WHAT YOU NEED TO DO: Once the pictures are set aside, copy the data below exactly as it stands.

DATA EXTRACT:
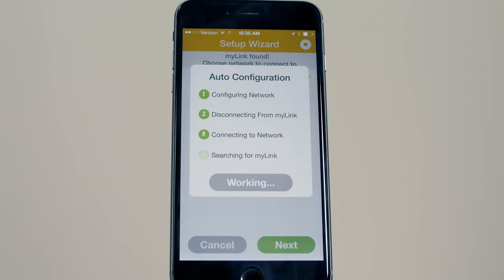Once Step 4 is complete, confirm the LED status is solid green, indicating that the MyLink is connected to the LAN.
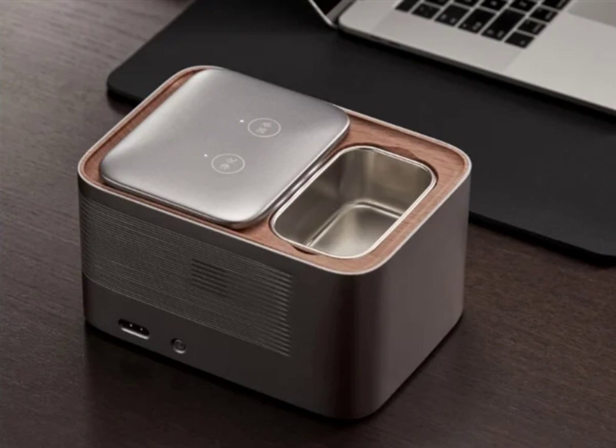The Puel Smart Ashtray has a four-layer purification system consisting of a plasma generator, composite water filter, and high iodine activated carbon layer. This setup effectively takes care of air pollution in small enclosures. The Smart Ashtray utilizes hydrolysis technology and has a high solubility for nicotine and other harmful substances.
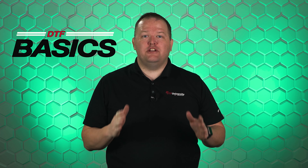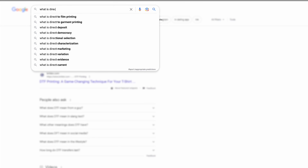What is DTF or Direct-to-Film? Hi, I'm Jeremy with DTF Superstore and I'm stoked to kick off a brand new video series. We'll be covering the basics and showing you how a garment comes to life with DTF. We know that DTF technology is pretty new and not everyone's familiar with it, so let's jump right in.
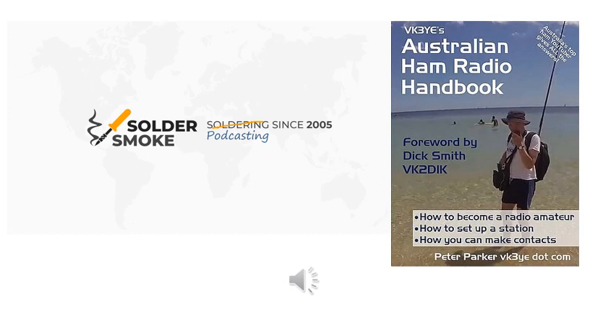I see the BitX as the latest in a whole stream of quite simple SSB rigs. There have been times when people sort of forgot about this approach, only to have it rediscovered. There was a pioneering rig in the 1960s — I can't remember its name — but there is some stuff on the web about it using quite simple concepts.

SOLUTION TO THIS TASK:
Once Step 4 is complete, confirm the LED status is solid green, indicating that the MyLink is connected to the LAN.
The Puel Smart Ashtray has a four-layer purification system consisting of a plasma generator, composite water filter, and high iodine activated carbon layer. This setup effectively takes care of air pollution in small enclosures. The Smart Ashtray utilizes hydrolysis technology and has a high solubility for nicotine and other harmful substances.
What is DTF or Direct-to-Film? Hi, I'm Jeremy with DTF Superstore and I'm stoked to kick off a brand new video series. We'll be covering the basics and showing you how a garment comes to life with DTF. We know that DTF technology is pretty new and not everyone's familiar with it, so let's jump right in.
I see the BitX as the latest in a whole stream of quite simple SSB rigs. There have been times when people sort of forgot about this approach, only to have it rediscovered. There was a pioneering rig in the 1960s — I can't remember its name — but there is some stuff on the web about it using quite simple concepts.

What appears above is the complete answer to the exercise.